We are dealing with a sacramental.

“Sacramental” reality is not less real than what we perceive by our senses.  Blessed water is perceptibly saltier than usual, but so is regular water that has salt added.   We can’t taste test it and tell the difference.

Demons can tell the difference.

The Enemy really hates holy water.   One of the explicit purposes of holy water is to put demons to flight wherever it is sprinkled.  In exorcising and blessing the salt used for holy water, the priest says: “may [it] rid whatever it touches or sprinkles of all uncleanness and protect it from every assault of evil spirits.”  In exorcising and blessing the water: “I exorcise you so that you may put to flight all the power of the Enemy, and be able to root out and supplant that Enemy with his apostate angels”.  In blessing the combined water and salt: “Let whatever might menace the safety and peace of those who live here be put to flight by the sprinkling of this water”.

Heavy lifting, indeed!

St. Teresa of Avila in chapter 31 her autobiography explains how she was being tormented by demons.   She used holy water against them and wrote:

“From long experience I have learned that there is nothing like holy water to put devils to flight and prevent them from coming back again. They also flee from the Cross, but return; so holy water must have great virtue.”

Demons can tell the difference, even if we can’t

So, why use anything iffy?

BTW… just for your additional instruction, here is a side by side comparison of the older, traditional rite of blessing holy water, and the newer, post-Conciliar rite.  I won’t concern myself with matching them up because I have plenty to do today.

Read these and then ask yourself which you would rather use.

Try to find the specific words of blessing in each version.

ORDER FOR THE BLESSING OF HOLY WATER OUTSIDE MASS

1391  The celebrant begins with these words:

In the name of the Father, and of the Son, and of the Holy Spirit.

All make the sign of the cross and reply:

Amen.

1392  The celebrant greets those present in the following or other suitable words, taken mainly from Scripture.

May God, who through water and the Holy Spirit has given us a new birth in Christ, be with you all.

All make the following or some other suitable reply.

And with your spirit.

1393  As circumstances suggest, the celebrant may prepare those present for the blessing in the following or similar words.

The blessing of this water reminds us of Christ, the living water, and of the sacrament of baptism, in which we were born of water and the Holy Spirit. Whenever, therefore, we are sprinkled with this holy water or use it in blessing ourselves on entering the church or at home, we thank God for his priceless gift to us and we ask for his help to keep us faithful to the sacrament we have received in faith.

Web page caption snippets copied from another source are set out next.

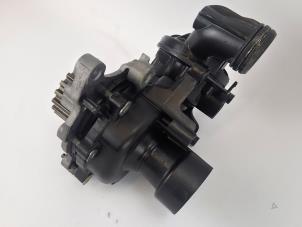 Gebruikte Waterpomp Ford Transit Connect (PJ2) 1.5 EcoBlue Prijs € 60,50 Inclusief btw aangeboden door WH Carparts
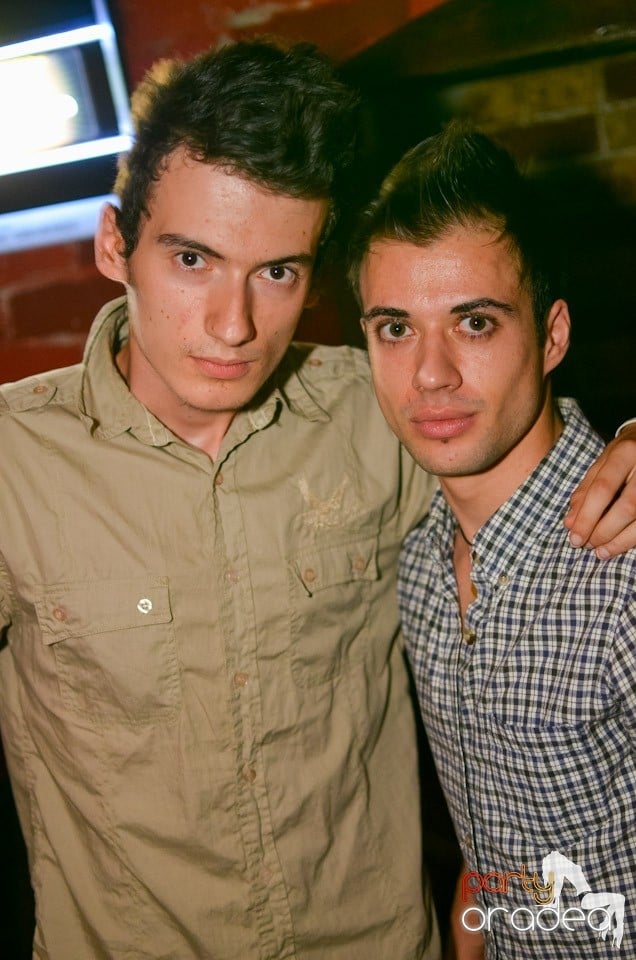 Feel the Beat în Club Escape!, 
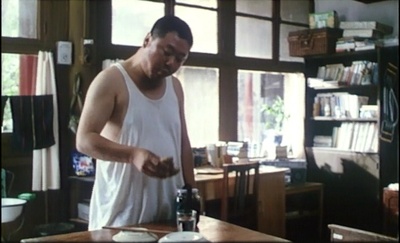 看车人的七月剧照的剧照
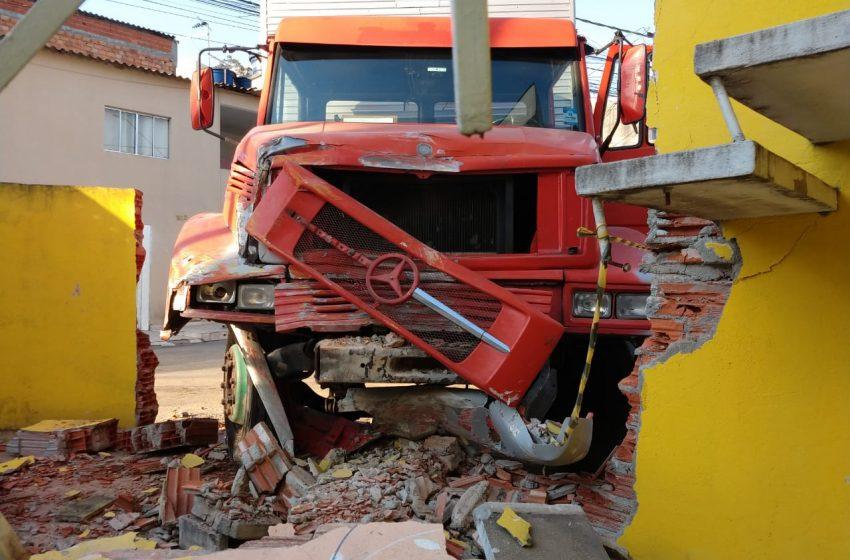 Caminhão sem freio atropela homem e atinge casa em Carapicuíba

READING of the WORD of GOD

1394  A reader, another person present, or the celebrant reads a short text of Sacred Scripture.

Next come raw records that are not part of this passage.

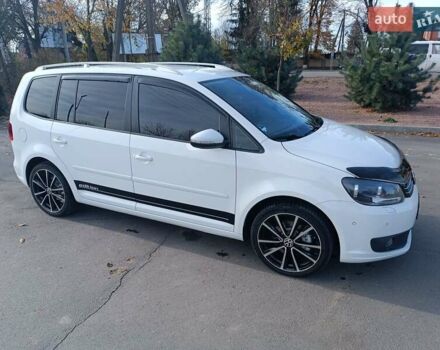 Білий Фольксваген Туран, об'ємом двигуна 2 л та пробігом 226 тис. км за 14000 $, фото 17 на Automoto.ua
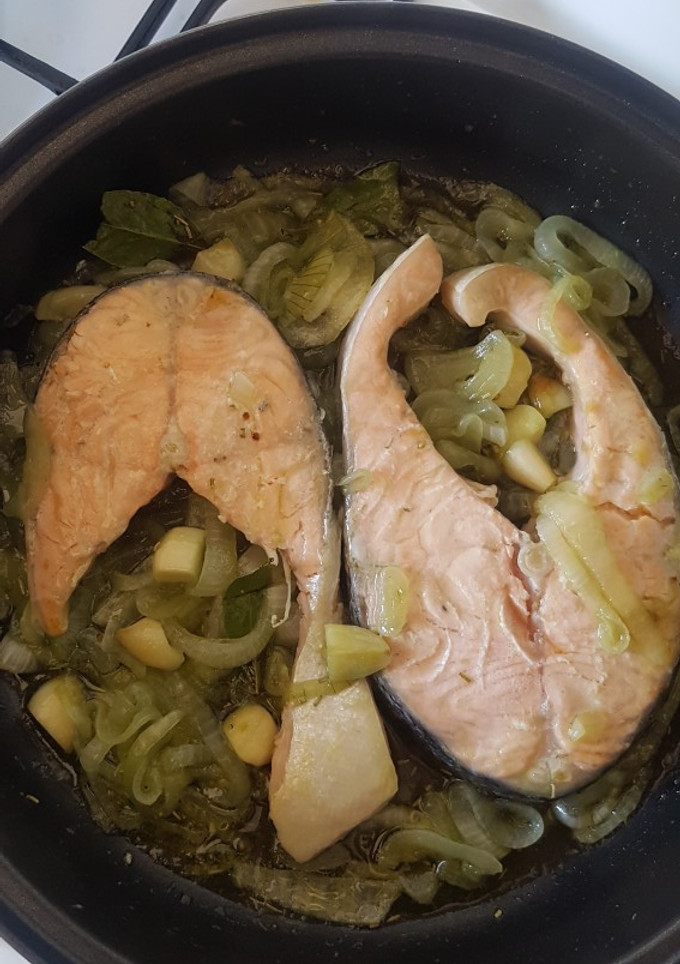 Una foto de Rodajas de salmón al vino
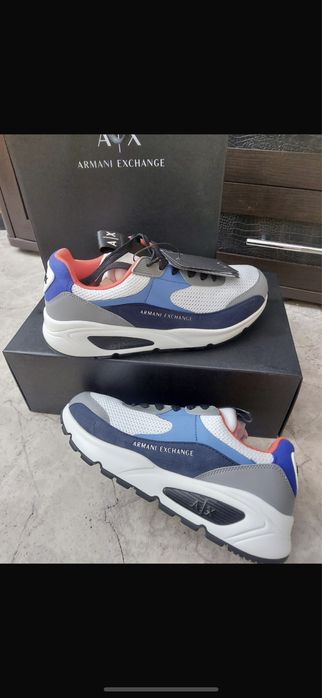 Продам Armani кроссовки NEW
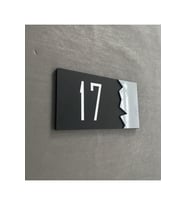 Siyah Mat Minimal Pleksi Kapı Numarası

[VARIOUS POSSIBLE SCRIPTURE READINGS]

PRAYER of BLESSING

1396  After the reading, the celebrant says:

Let us pray.

All pray briefly in silence, then with hands outstretched, the celebrant says the prayer of blessing.

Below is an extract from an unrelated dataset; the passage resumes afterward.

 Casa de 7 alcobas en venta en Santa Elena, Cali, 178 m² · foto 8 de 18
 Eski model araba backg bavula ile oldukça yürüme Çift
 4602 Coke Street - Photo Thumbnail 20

Blessed are you, Lord, all-powerful God,
who in Christ, the living water of salvation,
blessed and transformed us.
Grant that, when we are sprinkled with this water or make use of it,
we will be refreshed inwardly by the power of the Holy Spirit
and continue to walk in the new life we received at baptism.
We ask this through Christ our Lord.

R. Amen.

1397  Or:

Lord, holy Father,
look kindly on your children,
redeemed by your Son
and born to a new life by water and the Holy Spirit.
Grant that those who are sprinkled with this water
may be renewed in body and spirit
and may make a pure offering of their service to you.
We ask this through Christ our Lord.

R. Amen.

1398  Or the celebrant says:

O God, the creator of all things,
by water and the Holy Spirit
you have given the universe its beauty
and fashioned us in your own image.

R. Bless and purify your Church.

O Christ the Lord, from your pierced side
you gave us your sacraments
as fountains of salvation.

R. Bless and purify your Church.

O Holy Spirit, giver of life,
from the baptismal font of the Church
you have formed us into a new creation
in the waters of rebirth.

R. Bless and purify your Church.

1399  After the prayer of blessing, the celebrant sprinkles those present with holy water, as a suitable song is sung; as circumstances suggest, he may first say the following words.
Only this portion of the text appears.